Flowchart illustration of the compared algorithms variants

The results for instances of set A and B of the nine algorithm’s variants are presented in Table 4. The table shows average improvements and their standard deviations expressed as percentage points. The average is obtained by running each algorithm 25 times with different random seeds. The algorithms were ordered by decreasing average improvement. The first row of each table presents upper bound of the improvement (thus lower bound of the cost) computed using the method described in Sect. 2.3. We compare the algorithms in terms of two instance sets A and B separately, since the instances in set A are much smaller than those in set B (cf. Sect. 4.1), and thus, they may reveal different characteristics of considered algorithms.

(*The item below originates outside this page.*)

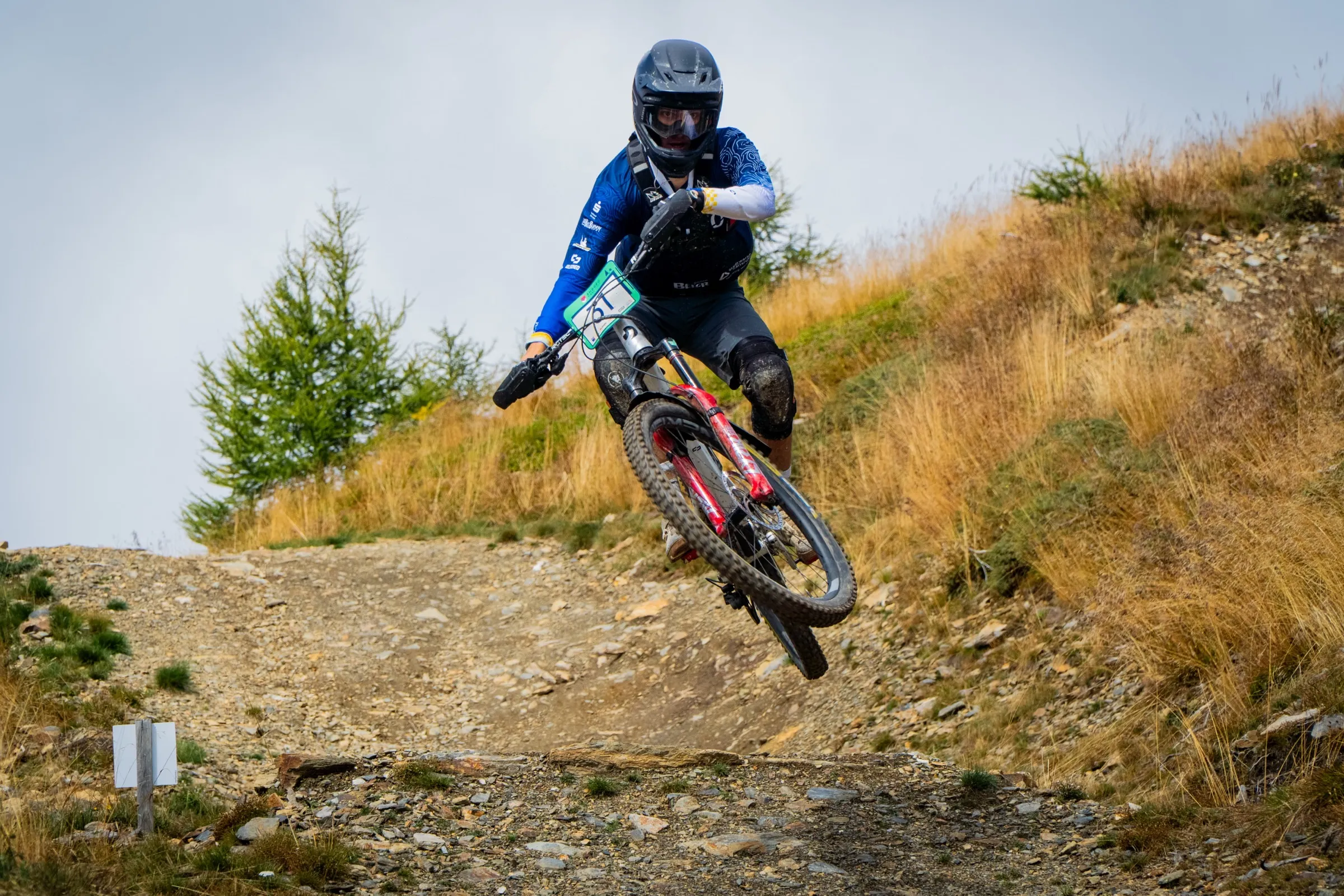 Mountainbiker im Sprung über eine Kuppe auf der Enduro-Strecke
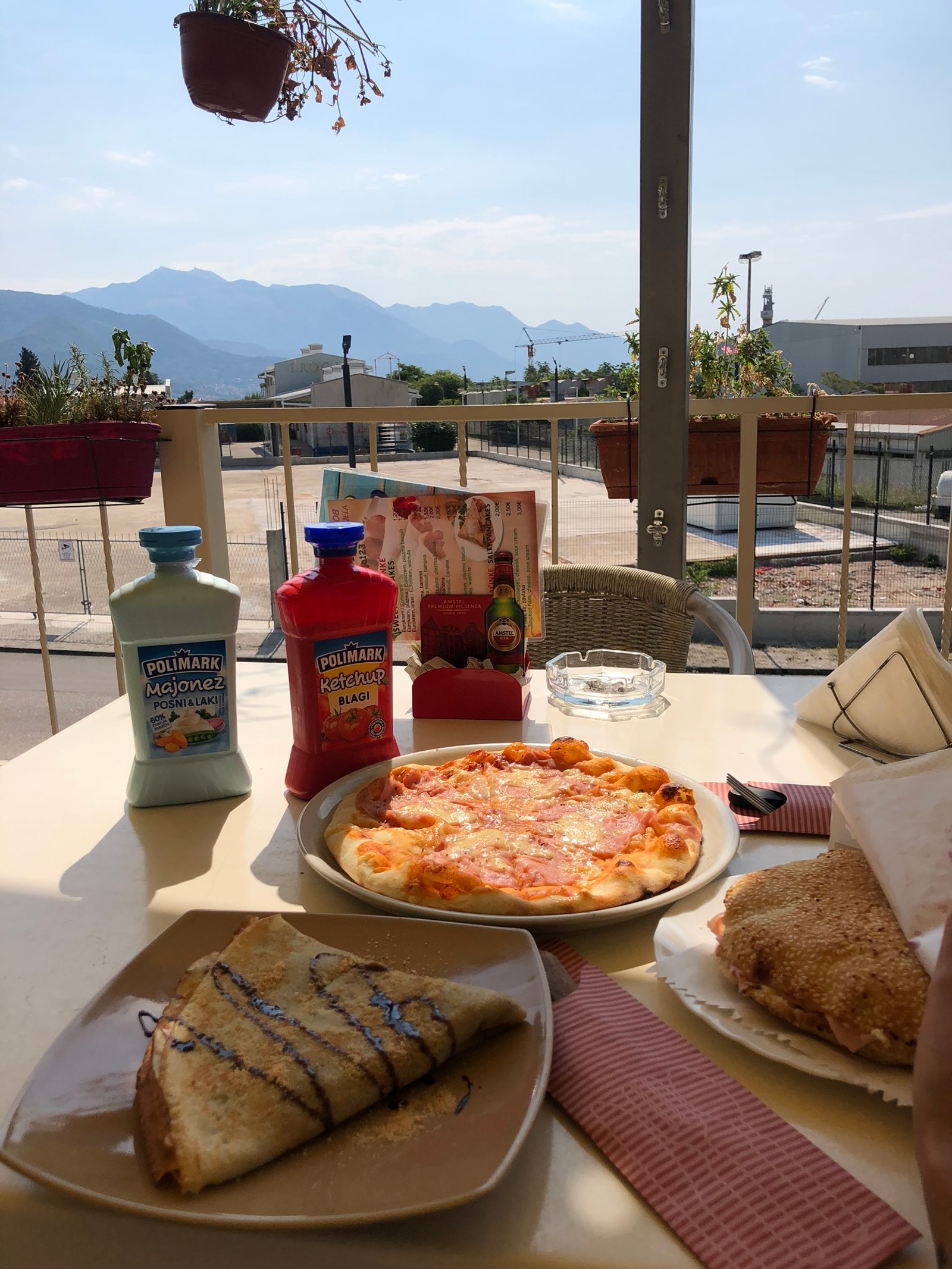 Auf einem tisch mit blick liegen pizza und ein sandwich (mahlzeit, frühstück, brunch, gewässer, brot)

Table 4 Comparison of algorithm variants

First, let us consider the greedy hill climber (i.e., hc). Although, overall, this is the worst variant of all considered, being such a simple algorithm, it gets surprisingly good results in absolute terms. Most importantly, however, hc is fast, because it terminates as soon as it cannot make any local improvements. The low running times of hc, which are presented in Table 5, makes it a practical choice if the time to obtain a solution matters more than the solution’s quality. Observe that for all instances from set A, the algorithm finishes in less than half a second. For set B, it uses up to 60 s, but at the same time it achieves an average improvement of \(62.32\,\%\), which is close to the lower bound’s improvement of \(64.31\,\%\) (see Table 4).

The greedy hill climber algorithm is also a good choice for the first phase of any algorithm. This is observed for set B—all the algorithms starting with hc- are superior to their non-hc counterparts. This statement does not hold for set A, since variants lns and lnshc perform better than some hc- variants. Notice, however, that the differences between the first six algorithms for set A are minor: lns, which is second in the ranking, achieves the average improvement of \(41.09\,\%\), while the sixth hc-lns obtains \(40.92\,\%\).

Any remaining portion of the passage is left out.